Last year, Huang allegedly introduced another migrant worker to work for the couple aboard a fishing boat, prosecutors said.
When the man allegedly lost a finger in an incident aboard the vessel, the couple sent him to work at their distribution company, again with long hours and little compensation, threatening him that he would face consequences if he reported the conditions to the Ministry of Labor, the prosecutors’ office said.
All three suspects have been charged under the Human Trafficking Prevention Act (人口販運防制法), while Huang was additionally charged with forgery and breaches of the Employment Service Act (就業服務法).

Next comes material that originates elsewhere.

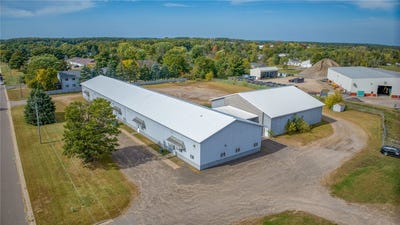 /international/us/1110-w-center-street-chetek-wi-110102618725/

Taiwan employs about 700,000 migrant workers, mostly Southeast Asians, in a wide range of industries, including construction and manufacturing, as well as in homes as domestic care providers.
Many are not protected under the Labor Standards Act (勞動基準法).
Rights groups say that many migrant workers also owe significant debt to brokers in their country of origin and in Taiwan, which forces them into illegal work or to endure abusive treatment, for fear they would lose their job and be unable to repay the debt.